BEGIN

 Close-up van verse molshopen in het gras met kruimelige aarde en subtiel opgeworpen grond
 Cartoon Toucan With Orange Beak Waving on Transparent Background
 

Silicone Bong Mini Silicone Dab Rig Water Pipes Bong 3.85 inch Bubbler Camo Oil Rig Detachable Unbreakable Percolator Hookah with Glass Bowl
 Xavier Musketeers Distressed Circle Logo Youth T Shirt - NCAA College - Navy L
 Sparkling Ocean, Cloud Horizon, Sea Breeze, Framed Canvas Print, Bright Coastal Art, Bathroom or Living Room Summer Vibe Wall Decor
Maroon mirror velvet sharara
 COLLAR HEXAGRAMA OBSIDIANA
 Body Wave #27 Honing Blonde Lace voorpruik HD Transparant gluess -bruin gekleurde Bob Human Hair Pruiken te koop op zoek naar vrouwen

END

Exercise requirements: Please return the records above exactly as they are written.

Reply:
 Close-up van verse molshopen in het gras met kruimelige aarde en subtiel opgeworpen grond
 Cartoon Toucan With Orange Beak Waving on Transparent Background
 

Silicone Bong Mini Silicone Dab Rig Water Pipes Bong 3.85 inch Bubbler Camo Oil Rig Detachable Unbreakable Percolator Hookah with Glass Bowl
 Xavier Musketeers Distressed Circle Logo Youth T Shirt - NCAA College - Navy L
 Sparkling Ocean, Cloud Horizon, Sea Breeze, Framed Canvas Print, Bright Coastal Art, Bathroom or Living Room Summer Vibe Wall Decor
Maroon mirror velvet sharara
 COLLAR HEXAGRAMA OBSIDIANA
 Body Wave #27 Honing Blonde Lace voorpruik HD Transparant gluess -bruin gekleurde Bob Human Hair Pruiken te koop op zoek naar vrouwen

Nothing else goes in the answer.